Concerned that the ruling erodes the Army Corps of Engineers' ability to regulate wetlands, officials from Kane County, near the proposed landfill site, and other counties are considering laws of their own to keep developers from filling or paving over wetlands.

On Thursday, a proposed change to the state's storm-water management rules that would give counties more authority over isolated wetlands won the backing of the land-use and conservation committee in the state House. The changes could come up for a House vote later this month or in early April.

"Right now we don't have any authority over the filling of wetlands," said Tim Harbaugh, Kane County's environmental management director. "Our original intent (with the wetlands) was to leave that regulation with the Army Corps of Engineers."

In January, the U.S. Supreme Court ruled in a 5-4 decision that the Army Corps did not have any say over the wetlands found in a proposed landfill site near Bartlett. The ruling is the latest in a 15-year battle to prevent a garbage dump - known as a balefill - in a former gravel pit near West Bartlett and Gifford roads in unincorporated Cook County near Bartlett.

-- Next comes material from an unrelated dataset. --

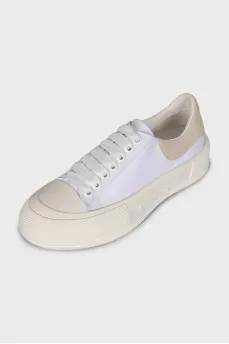 White high-soled sneakers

In its decision, the court ruled the Army Corps could not use a portion of the Clean Water Act to regulate isolated bodies of water because the sites are used by migratory birds.

Though the court stopped short of overturning the act, environmentalists have argued the decision erodes the Army Corps' ability to regulate building on isolated wetlands. In most counties, developers are required to obtain a permit from the Army Corps of Engineers before building on wetlands.

"Everyone in the U.S. is going to be dealing with this ... (the Army Corps has) definitely lost some of their authority," Harbaugh said. "How much if it (they lost) is waiting for clarification."

After the ruling, state Rep. Karen May, a Highland Park Democrat, started pushing for changes to state laws clarifying what role county storm-water management commissions have in protecting isolated wetlands. …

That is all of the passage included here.